An uncertainty framework is implemented in this report to evaluate improbable slope failure. A slope stability program using a modified subset simulation approach is expanded to account for cross-correlation between cohesion, friction angle and unit weight of soil. The mean of the three soil properties and their correlation coefficients are treated as random variables in the analysis. A parametric study is performed to evaluate the influence of the mean and correlation coefficients of these properties on the probability of failure. The influence of randomising these properties is also evaluated in the analysis. The implemented method is applied for a practical slope example, based on values reported in literature for the expected variability in the mentioned soil properties.

Results demonstrate that modelling the mean of C, phi and gamma as a random variable leads to a significant increase in the probability of failure for a slope. While treating the correlation coefficients as random in the analysis will lead to very little changes in the outcome, some generated correlation matrices may lead to a notable decrease in probability of failure. The stability of the slope is heavily influenced by the input parameters used in the analysis. Furthermore, a proper choice for coefficient of variation of each property and the horizontal and vertical scales of fluctuation is necessary to avoid inaccurate results in the analysis. Other inputs investigated include the type of distribution for each soil property and the range of possible values for their means. Different distribution types are tested in the analysis to identify which of these properly model the variability in the parameter.

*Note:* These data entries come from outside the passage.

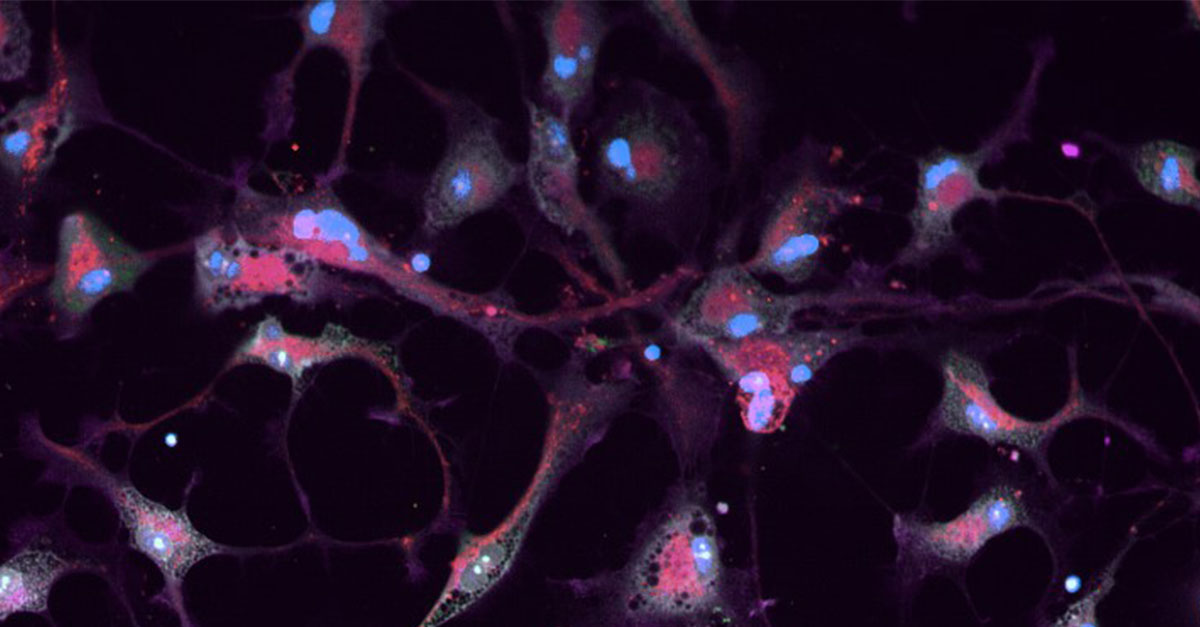 cell-painting-astrocytes-1200x627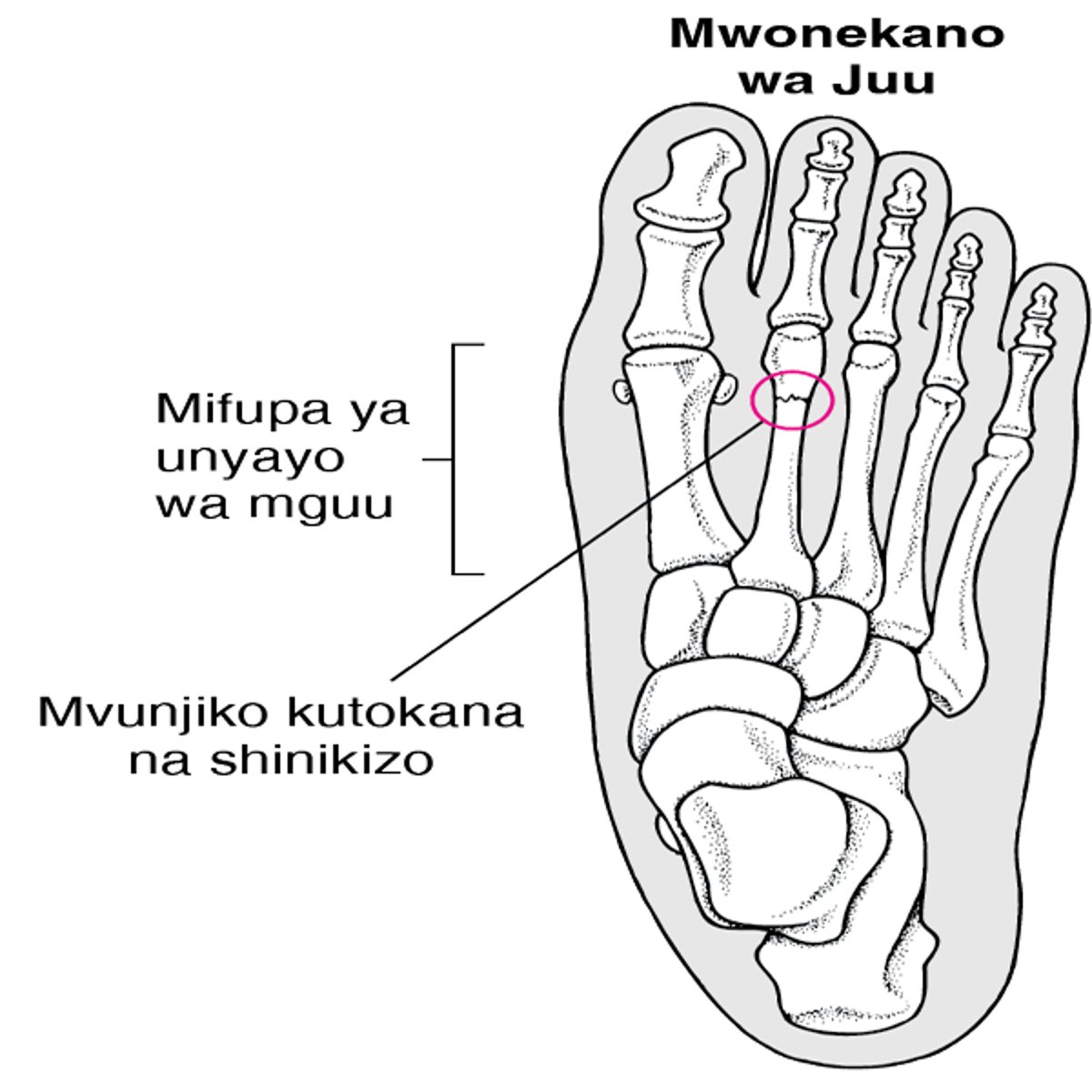 Mvunjiko wa Mkazo ni nini?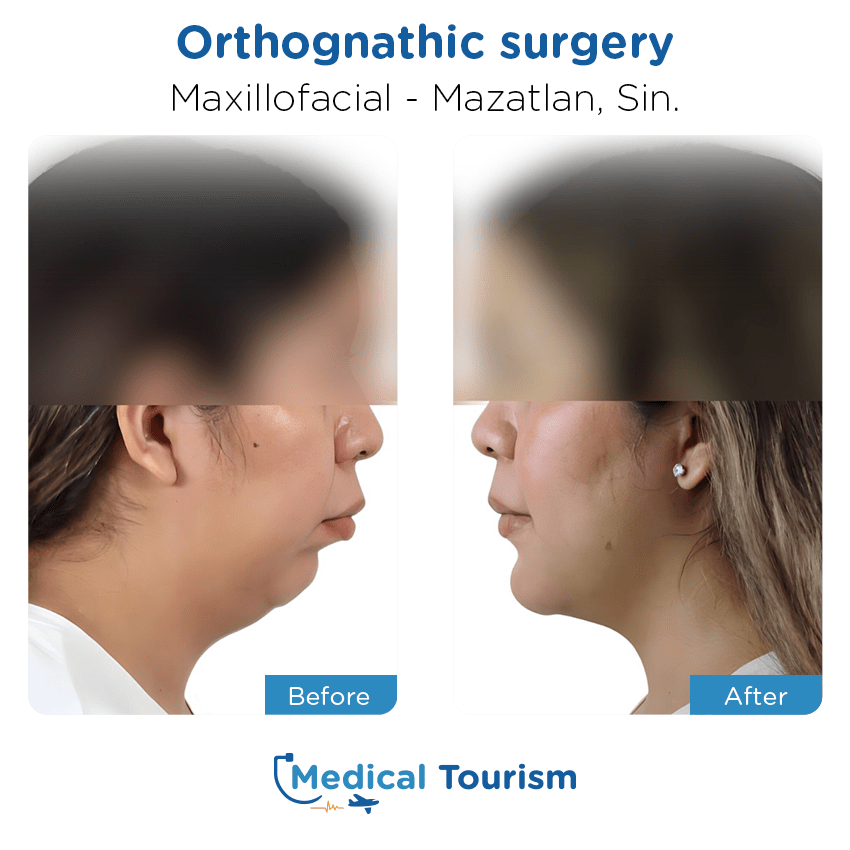 maxillofacial before and after of patients in Mazatlán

By evaluating generated samples within each subset level, it is evident that a combination of low mean values for C and positive correlation between phi and gamma is required for failure at low probability of failure levels. Although the influence of set means of C, phi and gamma on the calculated probability of failure is similar, the same conclusion cannot be made when the means of the properties are random. At low probability of failure levels, the outcome is very sensitive to changes in the minimum possible value for C and less to changes in phi and gamma. Furthermore, it is demonstrated that the mode of failure may be overestimated when analysing stability by reducing the strength of the slope. Shallow failures are encountered when slope is failing under a strength reduction factor of 1, which is a more likely mode of failure in spatially variable soil.